▶ **DATA FOR THIS TASK**:
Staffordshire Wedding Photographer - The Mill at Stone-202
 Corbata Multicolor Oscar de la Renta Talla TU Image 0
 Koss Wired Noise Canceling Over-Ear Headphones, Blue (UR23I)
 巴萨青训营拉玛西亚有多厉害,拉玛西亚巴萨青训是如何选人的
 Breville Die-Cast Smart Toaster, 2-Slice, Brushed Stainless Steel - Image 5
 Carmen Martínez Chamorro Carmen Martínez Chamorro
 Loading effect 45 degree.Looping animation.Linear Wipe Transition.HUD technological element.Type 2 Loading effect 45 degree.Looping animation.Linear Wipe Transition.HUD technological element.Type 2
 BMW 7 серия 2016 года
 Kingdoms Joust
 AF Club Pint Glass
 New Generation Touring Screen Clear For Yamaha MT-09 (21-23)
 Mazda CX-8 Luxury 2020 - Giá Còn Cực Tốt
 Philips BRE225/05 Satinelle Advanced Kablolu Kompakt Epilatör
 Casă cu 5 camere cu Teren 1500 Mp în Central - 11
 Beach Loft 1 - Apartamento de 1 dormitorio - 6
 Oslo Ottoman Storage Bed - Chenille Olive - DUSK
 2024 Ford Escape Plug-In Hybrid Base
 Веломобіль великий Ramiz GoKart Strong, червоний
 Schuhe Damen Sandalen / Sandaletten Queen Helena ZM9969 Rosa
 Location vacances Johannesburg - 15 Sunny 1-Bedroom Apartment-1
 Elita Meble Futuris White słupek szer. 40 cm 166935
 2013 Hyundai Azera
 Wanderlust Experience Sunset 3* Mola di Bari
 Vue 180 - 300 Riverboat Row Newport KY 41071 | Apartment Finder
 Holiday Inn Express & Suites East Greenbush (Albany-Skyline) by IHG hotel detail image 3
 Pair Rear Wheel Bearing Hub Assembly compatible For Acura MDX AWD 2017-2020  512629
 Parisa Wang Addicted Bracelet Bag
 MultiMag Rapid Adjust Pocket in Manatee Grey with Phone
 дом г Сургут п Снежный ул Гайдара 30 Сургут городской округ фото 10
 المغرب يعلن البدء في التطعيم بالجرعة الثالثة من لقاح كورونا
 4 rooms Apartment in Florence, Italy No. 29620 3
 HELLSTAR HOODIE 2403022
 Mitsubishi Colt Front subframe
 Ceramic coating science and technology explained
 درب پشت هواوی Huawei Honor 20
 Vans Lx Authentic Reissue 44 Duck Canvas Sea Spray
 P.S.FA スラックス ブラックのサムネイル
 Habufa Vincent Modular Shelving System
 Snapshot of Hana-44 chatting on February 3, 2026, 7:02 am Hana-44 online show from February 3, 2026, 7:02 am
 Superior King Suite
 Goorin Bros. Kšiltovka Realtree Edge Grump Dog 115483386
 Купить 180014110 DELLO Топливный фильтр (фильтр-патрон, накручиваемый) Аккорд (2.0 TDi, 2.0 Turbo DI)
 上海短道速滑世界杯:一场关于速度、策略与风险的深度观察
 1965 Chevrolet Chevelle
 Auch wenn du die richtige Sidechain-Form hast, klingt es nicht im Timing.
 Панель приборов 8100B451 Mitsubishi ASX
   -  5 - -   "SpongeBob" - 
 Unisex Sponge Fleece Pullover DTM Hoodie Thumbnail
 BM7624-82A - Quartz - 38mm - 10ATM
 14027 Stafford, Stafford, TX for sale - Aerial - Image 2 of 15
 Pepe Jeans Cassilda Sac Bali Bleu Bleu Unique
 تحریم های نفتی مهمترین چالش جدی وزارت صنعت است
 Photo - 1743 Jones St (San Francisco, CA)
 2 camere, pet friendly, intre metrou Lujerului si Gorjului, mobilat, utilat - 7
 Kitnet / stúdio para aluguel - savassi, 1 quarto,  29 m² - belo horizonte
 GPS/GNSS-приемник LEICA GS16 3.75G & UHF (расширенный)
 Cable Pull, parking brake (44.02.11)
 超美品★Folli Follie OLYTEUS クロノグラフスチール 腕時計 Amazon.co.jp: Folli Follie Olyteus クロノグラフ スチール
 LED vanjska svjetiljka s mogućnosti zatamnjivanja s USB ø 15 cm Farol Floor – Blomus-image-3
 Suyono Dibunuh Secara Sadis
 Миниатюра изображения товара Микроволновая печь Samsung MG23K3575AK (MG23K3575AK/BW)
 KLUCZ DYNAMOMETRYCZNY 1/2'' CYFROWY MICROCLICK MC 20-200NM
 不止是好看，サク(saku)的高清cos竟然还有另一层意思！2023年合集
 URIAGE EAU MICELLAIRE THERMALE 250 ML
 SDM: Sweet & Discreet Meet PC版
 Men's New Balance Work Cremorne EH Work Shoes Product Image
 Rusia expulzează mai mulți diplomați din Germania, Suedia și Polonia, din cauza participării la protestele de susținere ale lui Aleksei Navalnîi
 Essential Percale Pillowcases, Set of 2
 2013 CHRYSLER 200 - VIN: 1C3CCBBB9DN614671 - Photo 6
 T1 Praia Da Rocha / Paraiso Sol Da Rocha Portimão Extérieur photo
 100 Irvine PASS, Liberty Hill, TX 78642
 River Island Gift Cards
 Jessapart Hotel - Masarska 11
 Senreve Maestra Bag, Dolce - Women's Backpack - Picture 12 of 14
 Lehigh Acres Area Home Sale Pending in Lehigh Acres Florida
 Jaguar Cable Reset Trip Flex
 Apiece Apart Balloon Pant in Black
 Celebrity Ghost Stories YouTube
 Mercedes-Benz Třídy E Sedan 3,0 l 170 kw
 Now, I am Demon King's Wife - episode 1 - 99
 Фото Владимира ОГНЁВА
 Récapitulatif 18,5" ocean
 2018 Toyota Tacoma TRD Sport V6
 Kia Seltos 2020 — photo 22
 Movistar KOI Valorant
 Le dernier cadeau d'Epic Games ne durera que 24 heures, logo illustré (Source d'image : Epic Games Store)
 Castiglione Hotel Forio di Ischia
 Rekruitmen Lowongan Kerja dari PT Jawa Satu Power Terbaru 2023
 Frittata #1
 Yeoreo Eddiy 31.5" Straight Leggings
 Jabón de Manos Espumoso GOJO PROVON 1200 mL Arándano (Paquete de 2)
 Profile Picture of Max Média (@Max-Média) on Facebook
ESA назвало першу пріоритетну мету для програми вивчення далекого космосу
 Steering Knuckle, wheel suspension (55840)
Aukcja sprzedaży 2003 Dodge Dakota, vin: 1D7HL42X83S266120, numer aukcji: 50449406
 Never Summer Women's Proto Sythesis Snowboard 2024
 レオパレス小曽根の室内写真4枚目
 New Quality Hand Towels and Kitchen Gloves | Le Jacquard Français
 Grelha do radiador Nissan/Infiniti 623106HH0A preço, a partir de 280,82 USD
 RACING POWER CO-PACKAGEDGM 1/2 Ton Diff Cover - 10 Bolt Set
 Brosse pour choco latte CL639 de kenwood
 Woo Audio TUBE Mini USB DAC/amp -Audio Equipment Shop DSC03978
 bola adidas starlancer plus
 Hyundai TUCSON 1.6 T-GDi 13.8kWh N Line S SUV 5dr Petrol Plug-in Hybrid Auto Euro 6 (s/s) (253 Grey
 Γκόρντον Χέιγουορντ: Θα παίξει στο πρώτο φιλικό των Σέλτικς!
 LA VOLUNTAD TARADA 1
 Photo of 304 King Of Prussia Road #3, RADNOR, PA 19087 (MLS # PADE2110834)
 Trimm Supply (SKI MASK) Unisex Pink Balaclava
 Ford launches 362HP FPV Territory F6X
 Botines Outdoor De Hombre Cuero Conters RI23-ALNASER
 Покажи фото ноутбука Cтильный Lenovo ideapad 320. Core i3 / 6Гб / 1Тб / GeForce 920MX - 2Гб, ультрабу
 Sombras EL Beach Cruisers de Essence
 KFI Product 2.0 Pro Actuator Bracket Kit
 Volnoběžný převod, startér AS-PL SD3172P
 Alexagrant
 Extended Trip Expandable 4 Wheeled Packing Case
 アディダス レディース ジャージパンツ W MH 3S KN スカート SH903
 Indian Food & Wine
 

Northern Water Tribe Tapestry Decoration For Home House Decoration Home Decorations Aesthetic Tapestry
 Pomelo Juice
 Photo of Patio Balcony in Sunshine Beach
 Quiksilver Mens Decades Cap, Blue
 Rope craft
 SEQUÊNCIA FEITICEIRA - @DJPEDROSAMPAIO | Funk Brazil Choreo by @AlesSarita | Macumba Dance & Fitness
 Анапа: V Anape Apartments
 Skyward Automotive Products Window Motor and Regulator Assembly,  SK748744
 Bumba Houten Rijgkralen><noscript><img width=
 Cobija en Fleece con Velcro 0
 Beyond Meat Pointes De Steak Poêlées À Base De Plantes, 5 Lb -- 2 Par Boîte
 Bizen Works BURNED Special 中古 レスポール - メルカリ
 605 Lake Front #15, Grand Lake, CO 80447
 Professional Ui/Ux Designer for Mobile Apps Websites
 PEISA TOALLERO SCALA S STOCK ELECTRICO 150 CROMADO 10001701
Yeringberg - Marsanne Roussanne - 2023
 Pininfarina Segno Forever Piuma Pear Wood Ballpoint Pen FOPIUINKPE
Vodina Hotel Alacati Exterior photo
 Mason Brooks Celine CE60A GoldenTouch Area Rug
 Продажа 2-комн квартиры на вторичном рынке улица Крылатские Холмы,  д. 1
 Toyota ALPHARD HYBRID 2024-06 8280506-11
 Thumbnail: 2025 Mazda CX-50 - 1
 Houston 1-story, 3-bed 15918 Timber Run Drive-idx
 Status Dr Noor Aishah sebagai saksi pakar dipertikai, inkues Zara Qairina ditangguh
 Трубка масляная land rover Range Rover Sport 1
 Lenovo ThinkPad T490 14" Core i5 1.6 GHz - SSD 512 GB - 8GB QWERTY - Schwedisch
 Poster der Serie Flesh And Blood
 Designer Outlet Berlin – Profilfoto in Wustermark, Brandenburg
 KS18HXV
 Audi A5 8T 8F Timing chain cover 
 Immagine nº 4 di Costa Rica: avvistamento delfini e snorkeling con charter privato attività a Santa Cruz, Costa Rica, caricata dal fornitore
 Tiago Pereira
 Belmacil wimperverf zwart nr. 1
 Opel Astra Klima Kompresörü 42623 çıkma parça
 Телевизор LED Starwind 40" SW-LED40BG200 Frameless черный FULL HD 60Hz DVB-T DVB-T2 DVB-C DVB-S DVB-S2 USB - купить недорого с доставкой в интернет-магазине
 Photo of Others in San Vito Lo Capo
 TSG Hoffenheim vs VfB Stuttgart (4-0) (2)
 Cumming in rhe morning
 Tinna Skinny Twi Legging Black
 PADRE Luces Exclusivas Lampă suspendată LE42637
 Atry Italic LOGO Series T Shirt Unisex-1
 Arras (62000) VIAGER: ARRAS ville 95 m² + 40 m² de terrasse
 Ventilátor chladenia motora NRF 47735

▶ **GOAL OF THE EXERCISE**:
When the line with "Панель приборов 8100B451 Mitsubishi ASX" is reached in the data above, start copying there, and copy each line exactly until the line with "14027 Stafford, Stafford, TX" has been copied; copy nothing else.

▶ **EXERCISE SOLUTION**:
 Панель приборов 8100B451 Mitsubishi ASX
   -  5 - -   "SpongeBob" - 
 Unisex Sponge Fleece Pullover DTM Hoodie Thumbnail
 BM7624-82A - Quartz - 38mm - 10ATM
 14027 Stafford, Stafford, TX for sale - Aerial - Image 2 of 15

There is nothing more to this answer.